Error in tinyyolo conversion from Coreml to Caffe (Mxnet) Different way of padding

Jiahao Yao edited this page May 10, 2018 · 6 revisions

Error in tinyyolo conversion from Coreml to Caffe Mxnet Different way of padding

Model: Tiny YOLO network from the paper 'YOLO9000: Better, Faster, Stronger' (2016), arXiv:1612.08242

Source: COREML

Destination: Caffe / Mxnet

Author: Jiahao


Why we find this problem

We test the coreml parser and caffe / mxnet Emitter, using the same weights in every layer.

The outputs of coreml model have the shape of 13x13x125.

Nevertheless, the outputs of caffe / mxnet model have the shape of 12x14x125 or 14x14x125 or 14x12x125.

It's a big error although the converted model can also run smoothly and the code seems to be error-proof.

Convert coreml model code and Mxnet model code and check the code

First, download the coreml tinyyolo model.

$ mmdownload -f coreml -n tinyyolo 

Secondly, convert the coreml model to IR structure.

$ mmtoir -f coreml -d tinyyolo -n TinyYOLO.mlmodel --dstNodeName MMdnn_Output

You will get

IR network structure is saved as [tinyyolo.json].
IR network structure is saved as [tinyyolo.pb].
IR weights are saved as [tinyyolo.npy].

Finally, convert the IR to mxnet code.

$ mmtocode -f mxnet --IRModelPath tinyyolo.pb --IRWeightPath tinyyolo.npy --dstModelPath mx_tinyyolo.py --dstWeightPath mx_tinyyolo-0000.param

Then, the Mxnet network code snippet is saved as [mx_tinyyolo.py].

In the line 33 of mx_tinyyolo.py is maxpooling with stride 2

    maxpooling2d_6  = mx.sym.Pooling(data = leakyrelu_6, global_pool = False, kernel=(2L, 2L), pool_type = 'max', stride=(1L, 1L), pad=(0L, 0L), name = 'maxpooling2d_6')

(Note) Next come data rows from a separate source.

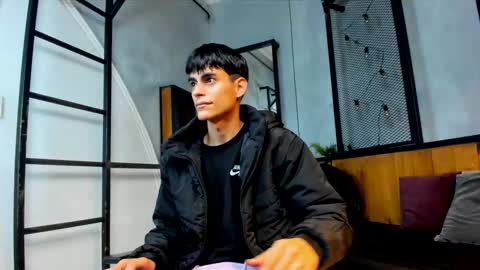 Snapshot of dani_mc chatting on November 2025 11:46:02 AM dani_mc online show from November 2025 11:46:02 AM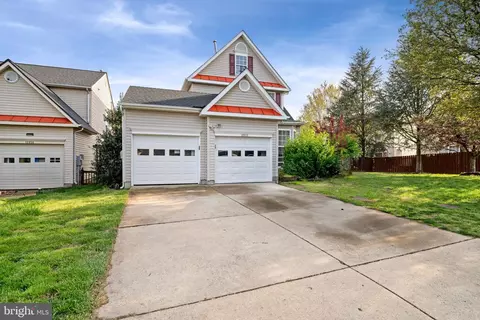 12050 Tango Ln, Woodbridge, VA 22193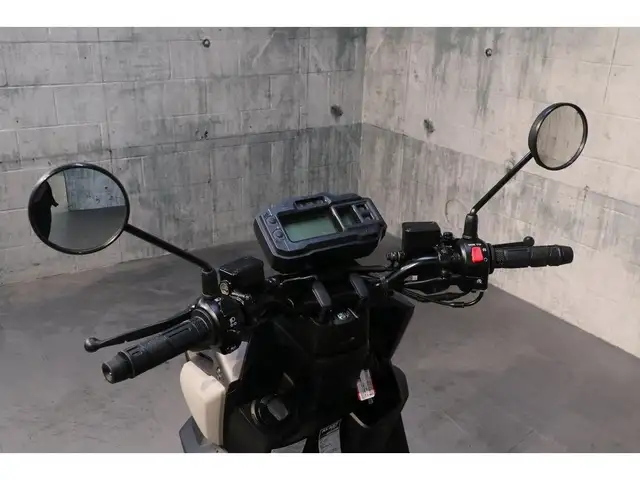 2024 Yamaha BWS 125 ENR. in Scooters & Pocket Bikes in Ottawa - Image 7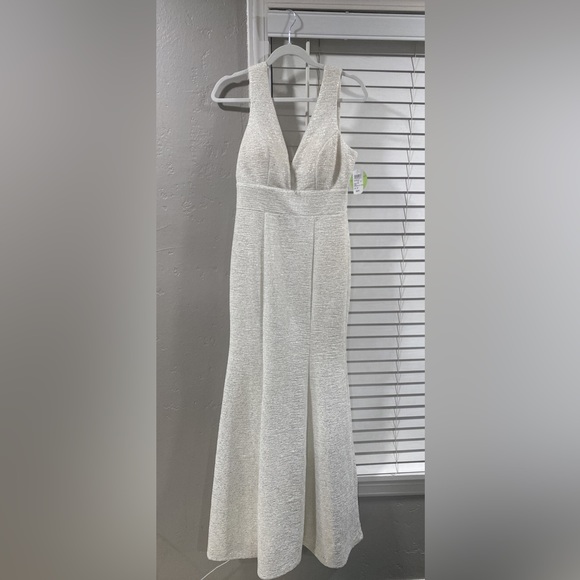 New with tags Windsor Ivory Mermaid Dress - Picture 1 of 4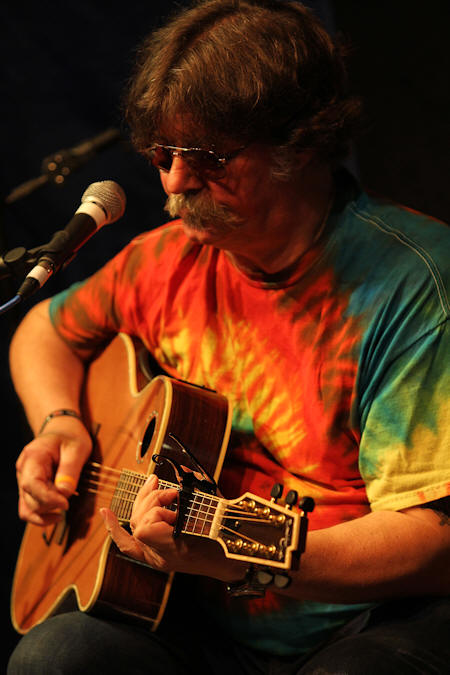 � Copyright 2014 Alan White. All Rights Reserved.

Originally in the coreml model, the input of this layer has shape of 13x13, and the output of this layer is supposed to be 13x13. To be more specific, the padding of this layer is supposed to be padding_left=1, padding_right=0, padding_top=1, padding_bottom=0. However, in caffe and coreml model, the padding has to be symmetric, which means padding_left has to be equal to padding_right and padding_top has to be equal to padding_bottom. Therefore, the output of this layer can never be 13x13, but 12x14 or 14x12 or 14x14, which can be seen more clearly from the images below.

the reason of the inconsistent shapes is due to symmetric padding in mxnet/ caffe

Different way of padding results in different shape after pooling.

Since the paddings in caffe and mxnet are symmetric, the shapes after this pool layer (kernel size = 2) are even number (12 or 14), not odd (13).

Possible solutions to this problem can be either adding padding layer before pooling layer when converting to mxnet, or crop the image in order to match the supposed output shape of the pooling layer.

  • Mxnet framework problem is solved by adding padding layer before pooling layer. (2018.5.10)